= ABOUT THIS TASK =
In the data below, find the line containing "Autoridades incautaron armas, vehículos", then set down that line and every later line up to and including the line containing "Com personagens tão", exactly.

──────────

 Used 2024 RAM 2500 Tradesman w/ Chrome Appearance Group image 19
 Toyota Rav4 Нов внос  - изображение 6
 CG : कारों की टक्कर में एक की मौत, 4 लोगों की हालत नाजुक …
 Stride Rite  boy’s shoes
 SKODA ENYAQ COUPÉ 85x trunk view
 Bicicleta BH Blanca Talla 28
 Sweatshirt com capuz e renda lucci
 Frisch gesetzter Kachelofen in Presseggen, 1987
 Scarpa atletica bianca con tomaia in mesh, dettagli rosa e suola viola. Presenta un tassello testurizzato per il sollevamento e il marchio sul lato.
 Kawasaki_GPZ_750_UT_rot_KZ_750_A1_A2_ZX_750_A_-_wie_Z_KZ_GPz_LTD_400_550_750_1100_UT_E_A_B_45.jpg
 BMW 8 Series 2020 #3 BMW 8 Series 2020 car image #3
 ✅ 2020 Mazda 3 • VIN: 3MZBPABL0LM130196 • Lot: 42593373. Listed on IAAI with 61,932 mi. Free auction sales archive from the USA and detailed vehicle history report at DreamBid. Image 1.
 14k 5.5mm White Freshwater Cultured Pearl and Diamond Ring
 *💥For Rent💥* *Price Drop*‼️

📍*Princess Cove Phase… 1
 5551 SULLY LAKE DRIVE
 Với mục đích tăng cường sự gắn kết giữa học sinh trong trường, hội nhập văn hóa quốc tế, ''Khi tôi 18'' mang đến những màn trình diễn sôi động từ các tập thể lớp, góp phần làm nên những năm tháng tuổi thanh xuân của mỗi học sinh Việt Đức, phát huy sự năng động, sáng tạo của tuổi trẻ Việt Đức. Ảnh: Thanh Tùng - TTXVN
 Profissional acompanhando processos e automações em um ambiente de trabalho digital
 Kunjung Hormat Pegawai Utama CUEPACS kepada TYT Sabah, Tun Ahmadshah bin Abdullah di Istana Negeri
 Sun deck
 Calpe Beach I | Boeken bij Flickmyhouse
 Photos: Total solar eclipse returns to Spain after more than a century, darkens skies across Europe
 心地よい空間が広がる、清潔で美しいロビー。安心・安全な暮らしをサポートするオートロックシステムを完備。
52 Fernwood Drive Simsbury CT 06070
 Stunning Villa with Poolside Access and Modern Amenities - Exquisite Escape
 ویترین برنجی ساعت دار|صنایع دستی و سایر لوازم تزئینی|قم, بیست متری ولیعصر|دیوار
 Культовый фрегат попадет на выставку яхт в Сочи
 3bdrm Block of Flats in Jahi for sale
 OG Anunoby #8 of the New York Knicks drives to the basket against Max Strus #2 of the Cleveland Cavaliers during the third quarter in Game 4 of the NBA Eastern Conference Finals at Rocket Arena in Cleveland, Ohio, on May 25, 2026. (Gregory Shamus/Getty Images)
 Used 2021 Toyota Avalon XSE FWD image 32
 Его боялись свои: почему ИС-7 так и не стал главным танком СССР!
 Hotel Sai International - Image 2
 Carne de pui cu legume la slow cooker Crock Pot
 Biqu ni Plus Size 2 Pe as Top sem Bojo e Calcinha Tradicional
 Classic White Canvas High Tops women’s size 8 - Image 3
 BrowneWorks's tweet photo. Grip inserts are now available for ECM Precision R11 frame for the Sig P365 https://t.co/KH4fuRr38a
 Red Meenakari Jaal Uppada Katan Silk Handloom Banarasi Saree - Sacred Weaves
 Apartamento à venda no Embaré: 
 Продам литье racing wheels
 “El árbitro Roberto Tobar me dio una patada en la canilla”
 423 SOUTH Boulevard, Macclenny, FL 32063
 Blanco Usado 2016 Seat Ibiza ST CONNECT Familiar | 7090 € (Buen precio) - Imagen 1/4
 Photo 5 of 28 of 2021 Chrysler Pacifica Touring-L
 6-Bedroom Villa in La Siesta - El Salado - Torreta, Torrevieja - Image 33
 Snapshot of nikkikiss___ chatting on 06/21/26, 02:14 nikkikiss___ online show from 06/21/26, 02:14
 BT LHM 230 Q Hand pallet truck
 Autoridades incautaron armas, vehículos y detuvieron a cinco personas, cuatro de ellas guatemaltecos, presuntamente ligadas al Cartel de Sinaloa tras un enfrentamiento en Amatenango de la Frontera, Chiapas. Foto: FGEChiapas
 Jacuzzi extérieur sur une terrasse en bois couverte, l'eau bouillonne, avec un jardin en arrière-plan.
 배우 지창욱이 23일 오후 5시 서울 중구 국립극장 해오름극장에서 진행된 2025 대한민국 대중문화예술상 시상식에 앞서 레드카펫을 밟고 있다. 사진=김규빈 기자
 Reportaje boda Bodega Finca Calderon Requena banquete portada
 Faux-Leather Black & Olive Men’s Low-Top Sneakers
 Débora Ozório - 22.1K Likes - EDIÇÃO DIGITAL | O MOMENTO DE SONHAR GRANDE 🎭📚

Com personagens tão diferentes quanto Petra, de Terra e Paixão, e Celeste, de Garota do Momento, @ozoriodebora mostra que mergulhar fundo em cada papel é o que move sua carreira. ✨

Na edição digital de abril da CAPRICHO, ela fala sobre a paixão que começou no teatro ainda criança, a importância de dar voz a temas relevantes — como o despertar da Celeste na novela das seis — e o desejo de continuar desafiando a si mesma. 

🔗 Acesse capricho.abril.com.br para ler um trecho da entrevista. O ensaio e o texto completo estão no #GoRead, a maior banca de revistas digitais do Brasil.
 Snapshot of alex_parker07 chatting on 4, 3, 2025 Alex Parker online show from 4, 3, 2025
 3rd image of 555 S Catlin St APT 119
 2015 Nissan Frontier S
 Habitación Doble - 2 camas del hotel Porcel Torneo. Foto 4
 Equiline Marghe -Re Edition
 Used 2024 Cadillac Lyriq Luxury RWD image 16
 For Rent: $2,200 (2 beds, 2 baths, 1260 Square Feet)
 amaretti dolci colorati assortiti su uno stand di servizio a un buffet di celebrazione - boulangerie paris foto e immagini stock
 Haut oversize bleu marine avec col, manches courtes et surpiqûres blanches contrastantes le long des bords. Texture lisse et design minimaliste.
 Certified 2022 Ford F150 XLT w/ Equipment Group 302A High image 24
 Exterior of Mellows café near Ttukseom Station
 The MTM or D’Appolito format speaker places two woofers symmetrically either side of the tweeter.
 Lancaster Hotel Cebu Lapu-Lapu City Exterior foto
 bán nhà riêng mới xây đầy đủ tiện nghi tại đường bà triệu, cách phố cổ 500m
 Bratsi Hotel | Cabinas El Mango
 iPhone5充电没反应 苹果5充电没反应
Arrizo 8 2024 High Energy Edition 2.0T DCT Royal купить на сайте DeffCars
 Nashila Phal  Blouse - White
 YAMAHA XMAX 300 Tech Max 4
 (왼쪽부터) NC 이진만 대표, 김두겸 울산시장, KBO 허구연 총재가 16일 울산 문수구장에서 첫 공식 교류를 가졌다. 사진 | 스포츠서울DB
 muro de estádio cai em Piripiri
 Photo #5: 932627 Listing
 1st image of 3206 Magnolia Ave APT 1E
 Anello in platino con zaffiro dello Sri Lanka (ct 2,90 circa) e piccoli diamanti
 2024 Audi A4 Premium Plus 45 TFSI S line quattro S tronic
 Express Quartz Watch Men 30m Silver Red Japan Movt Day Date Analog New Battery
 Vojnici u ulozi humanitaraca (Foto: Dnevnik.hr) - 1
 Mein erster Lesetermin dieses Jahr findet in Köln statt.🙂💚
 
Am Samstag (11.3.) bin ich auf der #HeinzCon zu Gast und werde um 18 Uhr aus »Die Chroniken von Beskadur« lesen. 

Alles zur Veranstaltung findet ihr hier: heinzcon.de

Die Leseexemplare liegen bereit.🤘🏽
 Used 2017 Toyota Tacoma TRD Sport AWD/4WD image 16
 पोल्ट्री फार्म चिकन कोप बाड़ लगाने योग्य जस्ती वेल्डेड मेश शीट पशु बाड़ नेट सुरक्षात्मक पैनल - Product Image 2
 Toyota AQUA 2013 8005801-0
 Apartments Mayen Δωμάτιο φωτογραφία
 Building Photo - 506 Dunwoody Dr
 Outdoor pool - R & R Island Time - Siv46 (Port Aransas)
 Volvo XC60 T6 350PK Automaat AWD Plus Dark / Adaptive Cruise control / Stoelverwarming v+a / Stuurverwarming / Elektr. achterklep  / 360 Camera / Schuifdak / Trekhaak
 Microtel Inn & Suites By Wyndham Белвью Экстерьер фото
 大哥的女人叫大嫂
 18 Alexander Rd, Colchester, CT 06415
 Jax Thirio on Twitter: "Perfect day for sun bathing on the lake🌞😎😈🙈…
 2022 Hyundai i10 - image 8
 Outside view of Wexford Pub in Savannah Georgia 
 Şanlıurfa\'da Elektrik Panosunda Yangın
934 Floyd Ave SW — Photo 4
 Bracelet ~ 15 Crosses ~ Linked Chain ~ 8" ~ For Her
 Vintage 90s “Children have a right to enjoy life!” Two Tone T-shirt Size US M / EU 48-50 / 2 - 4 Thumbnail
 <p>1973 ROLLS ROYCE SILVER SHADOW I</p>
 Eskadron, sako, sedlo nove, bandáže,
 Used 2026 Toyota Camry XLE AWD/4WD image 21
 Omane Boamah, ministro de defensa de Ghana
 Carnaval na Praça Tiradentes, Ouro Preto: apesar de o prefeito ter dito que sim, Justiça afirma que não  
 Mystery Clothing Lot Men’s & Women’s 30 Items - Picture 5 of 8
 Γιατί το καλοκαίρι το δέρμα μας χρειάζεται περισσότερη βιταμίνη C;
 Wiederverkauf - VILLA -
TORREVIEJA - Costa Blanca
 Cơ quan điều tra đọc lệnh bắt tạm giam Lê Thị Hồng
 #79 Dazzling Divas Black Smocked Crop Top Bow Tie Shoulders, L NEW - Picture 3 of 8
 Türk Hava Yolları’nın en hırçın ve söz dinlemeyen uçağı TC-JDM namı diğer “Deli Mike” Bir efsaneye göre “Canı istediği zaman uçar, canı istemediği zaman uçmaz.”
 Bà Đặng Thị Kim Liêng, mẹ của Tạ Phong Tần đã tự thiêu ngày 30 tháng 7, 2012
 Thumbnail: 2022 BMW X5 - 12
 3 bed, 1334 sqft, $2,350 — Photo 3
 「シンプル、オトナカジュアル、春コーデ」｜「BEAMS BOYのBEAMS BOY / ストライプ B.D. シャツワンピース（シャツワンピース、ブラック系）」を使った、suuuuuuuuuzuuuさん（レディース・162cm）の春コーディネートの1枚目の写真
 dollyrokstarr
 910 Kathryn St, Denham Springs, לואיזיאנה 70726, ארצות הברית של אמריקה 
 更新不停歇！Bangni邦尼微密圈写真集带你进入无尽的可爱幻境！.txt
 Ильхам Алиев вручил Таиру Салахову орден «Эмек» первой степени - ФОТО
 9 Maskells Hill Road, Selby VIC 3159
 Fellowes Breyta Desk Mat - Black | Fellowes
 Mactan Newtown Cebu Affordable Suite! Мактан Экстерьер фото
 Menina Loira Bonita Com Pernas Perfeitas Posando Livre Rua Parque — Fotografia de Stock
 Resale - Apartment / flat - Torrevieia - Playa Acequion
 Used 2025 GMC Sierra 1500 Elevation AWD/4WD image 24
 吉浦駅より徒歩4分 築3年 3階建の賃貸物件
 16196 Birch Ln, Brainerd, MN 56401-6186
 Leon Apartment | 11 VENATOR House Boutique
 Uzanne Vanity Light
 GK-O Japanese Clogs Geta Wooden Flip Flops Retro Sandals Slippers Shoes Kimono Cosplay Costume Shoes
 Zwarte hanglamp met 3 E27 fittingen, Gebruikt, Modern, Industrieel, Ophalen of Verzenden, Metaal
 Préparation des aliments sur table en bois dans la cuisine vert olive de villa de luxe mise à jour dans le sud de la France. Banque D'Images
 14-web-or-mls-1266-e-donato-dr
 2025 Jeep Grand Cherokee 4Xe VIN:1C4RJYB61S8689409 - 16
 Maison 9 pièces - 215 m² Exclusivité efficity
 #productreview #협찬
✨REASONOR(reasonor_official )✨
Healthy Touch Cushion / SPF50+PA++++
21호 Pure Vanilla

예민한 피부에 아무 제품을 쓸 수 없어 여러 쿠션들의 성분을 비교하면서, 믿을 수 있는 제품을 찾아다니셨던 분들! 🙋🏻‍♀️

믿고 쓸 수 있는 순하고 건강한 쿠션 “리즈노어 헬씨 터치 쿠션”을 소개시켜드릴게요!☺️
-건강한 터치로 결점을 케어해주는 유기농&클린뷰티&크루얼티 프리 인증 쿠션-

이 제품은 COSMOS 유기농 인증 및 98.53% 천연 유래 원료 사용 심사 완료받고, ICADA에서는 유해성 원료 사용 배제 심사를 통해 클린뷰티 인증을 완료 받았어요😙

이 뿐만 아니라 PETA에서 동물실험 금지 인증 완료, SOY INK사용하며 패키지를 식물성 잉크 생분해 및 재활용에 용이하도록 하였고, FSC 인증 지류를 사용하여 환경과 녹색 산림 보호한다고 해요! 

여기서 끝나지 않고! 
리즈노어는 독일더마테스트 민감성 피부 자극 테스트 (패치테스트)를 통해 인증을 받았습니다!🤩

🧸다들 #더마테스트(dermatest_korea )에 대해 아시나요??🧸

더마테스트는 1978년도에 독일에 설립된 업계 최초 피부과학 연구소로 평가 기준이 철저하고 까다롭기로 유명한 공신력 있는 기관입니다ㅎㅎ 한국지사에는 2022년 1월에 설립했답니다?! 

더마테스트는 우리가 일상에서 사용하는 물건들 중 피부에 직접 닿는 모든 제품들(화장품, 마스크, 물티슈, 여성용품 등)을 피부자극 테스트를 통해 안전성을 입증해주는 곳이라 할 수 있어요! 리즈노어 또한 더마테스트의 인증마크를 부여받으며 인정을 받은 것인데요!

──────────

= TASK RESPONSE =
 Autoridades incautaron armas, vehículos y detuvieron a cinco personas, cuatro de ellas guatemaltecos, presuntamente ligadas al Cartel de Sinaloa tras un enfrentamiento en Amatenango de la Frontera, Chiapas. Foto: FGEChiapas
 Jacuzzi extérieur sur une terrasse en bois couverte, l'eau bouillonne, avec un jardin en arrière-plan.
 배우 지창욱이 23일 오후 5시 서울 중구 국립극장 해오름극장에서 진행된 2025 대한민국 대중문화예술상 시상식에 앞서 레드카펫을 밟고 있다. 사진=김규빈 기자
 Reportaje boda Bodega Finca Calderon Requena banquete portada
 Faux-Leather Black & Olive Men’s Low-Top Sneakers
 Débora Ozório - 22.1K Likes - EDIÇÃO DIGITAL | O MOMENTO DE SONHAR GRANDE 🎭📚

Com personagens tão diferentes quanto Petra, de Terra e Paixão, e Celeste, de Garota do Momento, @ozoriodebora mostra que mergulhar fundo em cada papel é o que move sua carreira. ✨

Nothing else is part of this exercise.